短い物語(ある家族について)

ずいぶん前、20歳近く歳の離れた彼がいた。
「彼」と「恋人」というと、若干意味合いが違う気がする。
この場合は「彼」が適切な気がする。
彼は、20歳近く年下だった。

彼の家族は、お母さんただ一人だった。
お母さんは、すごく仕事が出来て自分の会社を経営していて、
しかも芸術的な才能も持ち合わせた人だった。

お母さんは、豪華な一軒家に一匹の猫と暮らしていた。
猫は、お母さんと彼以外他人にはほぼ慣れていなかった。

数年過ぎた頃、お母さんは病気にかかり、それは絶望的なものだった。
私は彼に対して慰めようもなかったが、
彼はある意味それを受け止めていたようだった。
彼は困難な人生を歩んできた経緯もあり(幼少の頃のお父さんとの別れや、自身の大きな怪我)普通の人とは少し違う感覚だったと思う。
いつも本が友達であり、「別れ」や「死」に対して何か普通の人とは違う感覚を身に着けていたような印象がある。

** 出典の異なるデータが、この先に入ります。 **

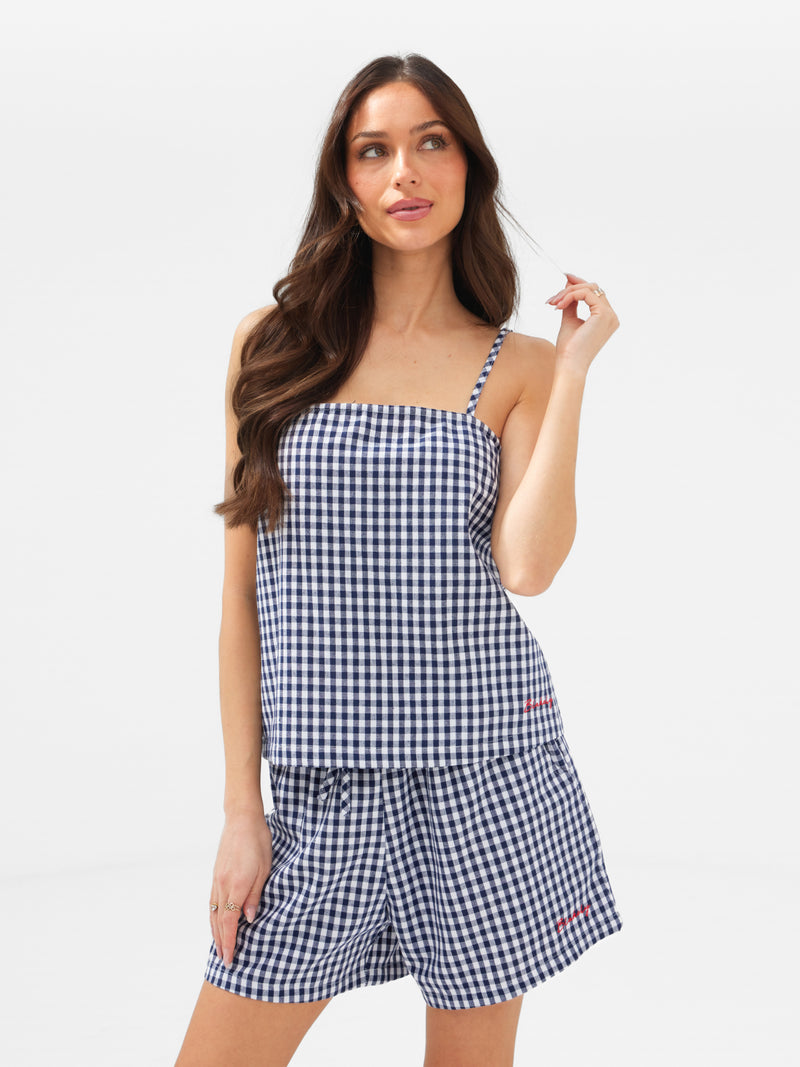 Lottie Gingham Shorts - Marine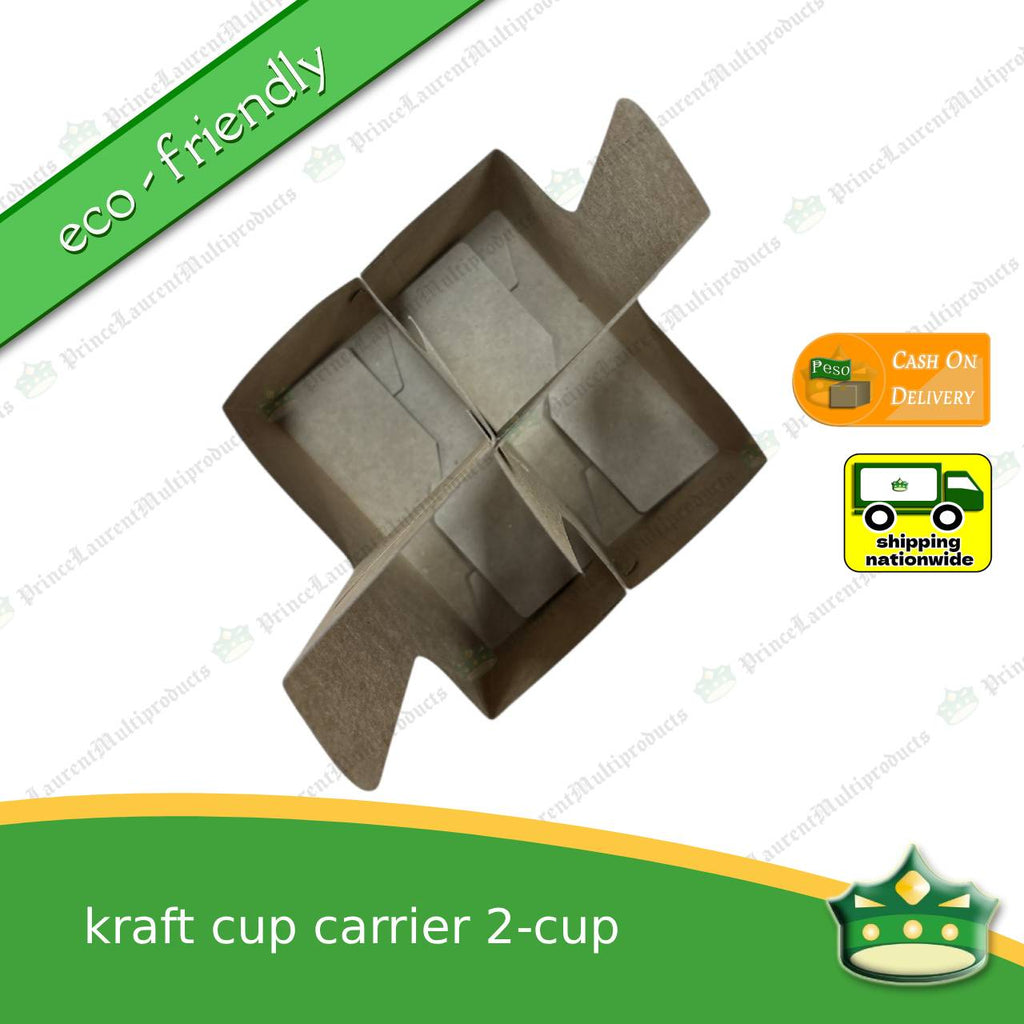 [50 pcs] kraft cup carrier carton 2-cups to 4-cups for take out of beverages, milktea, coffee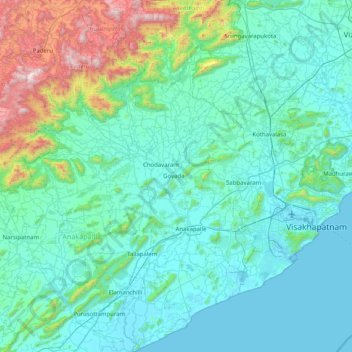 Carte topographique Sarada, altitude, relief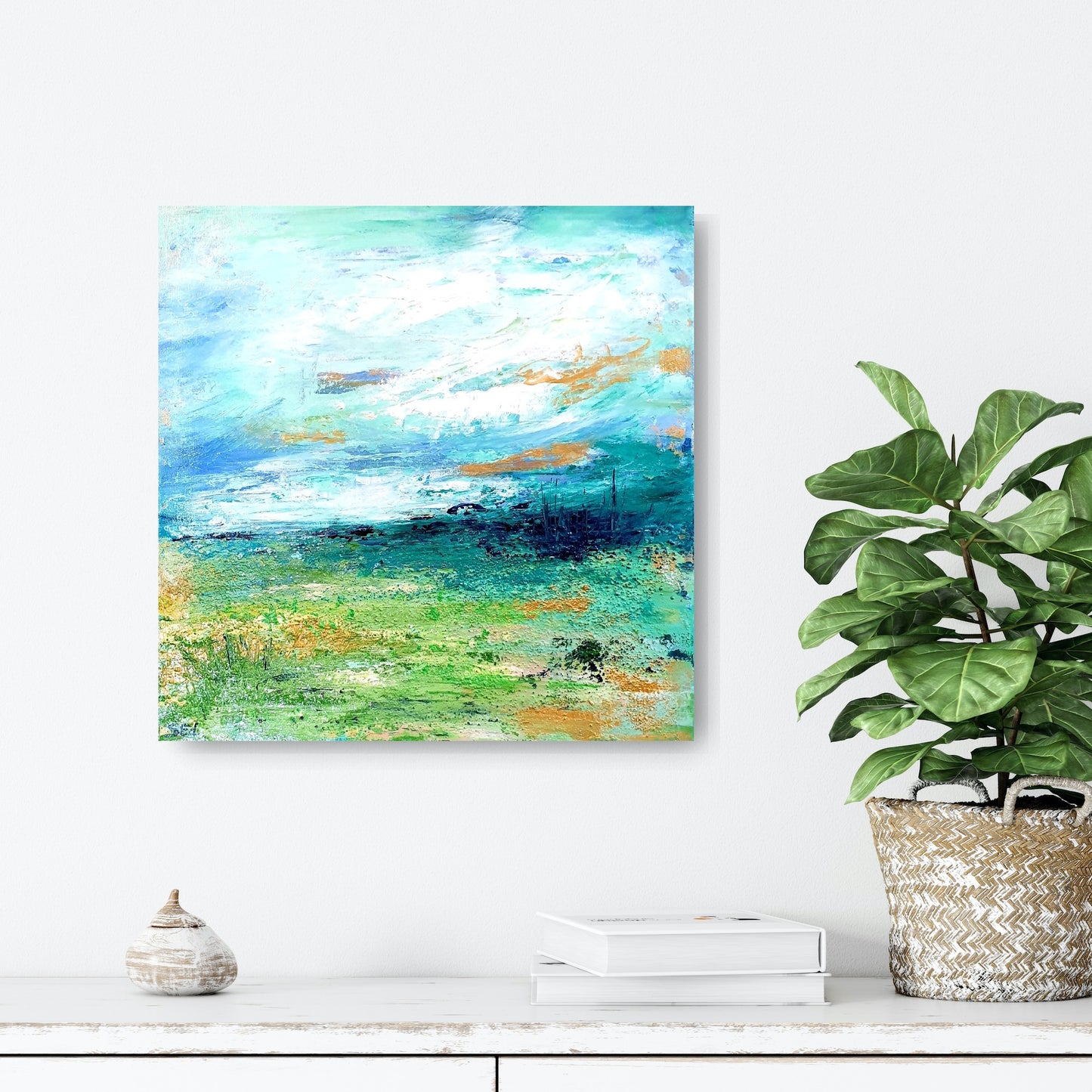In the green valley, 40x40 cm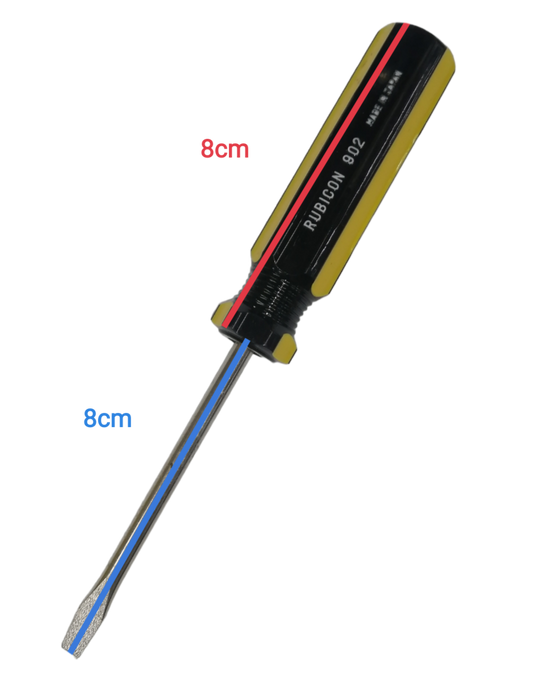 Rubicon Flat Head Screw Driver 902 75mm with black and yellow handle and metal blade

彼も、彼のお母さんも、常識を逸している一面があった。
普通、20歳近く近く歳の離れた(しかも年上の)女性とはなかなか付き合わないし、紹介されたお母さんも普通に私を受け入れてくれた。

結局、お母さんは不治の病によって、平均的とは思えない歳で人生を終えることになった。
そして、それを機に、私と彼とは距離が遠くなってしまった。
結局のところ、私が会うべき人は彼のお母さんだったのだと、
後で気付いた。

お母さんが飼っていた猫はほとんど誰にも懐かなかったが、
猫が亡くなる寸前(そしてお母さんがその後亡くなることになるが)
抱っこさせてくれた。
その時の、猫の息遣いを今でもリアルに思い出せる。
今でも瞑想していて、自分の呼吸がまるでその猫の呼吸みたいに思いださせるのだ。

お母さんと猫と彼。小さな家族。
今でもそれは忘れられないひと時だ。

今、彼はちゃんと自分の家族を持ち、一般的に幸せな生活を営んでいる。
私は、彼がそうなるように(この先、天涯孤独にならないように)
普通の幸せを、まずは、手に入れて、それから自分の人生を歩けるように、
そうする手助けを出来た事に、感謝する。
それが私の役目だったのだと思える。
きっとずいぶん前(何百年、何千年も前)に、彼のお母さんと約束したのだろう。
お母さん、ありがとう。
約束、果たしましたよ。
彼はちゃんと家族を持って、地球での経験を味わっています。

お母さんは、私にとって誰だったのかな?
と、今でも思う。

そして、今でも愛している。心から、彼の小さな家族を。
彼と過ごした日々も。

どこかでこの物語を書かずにいられなかった。
読んでくれてありがとうございます。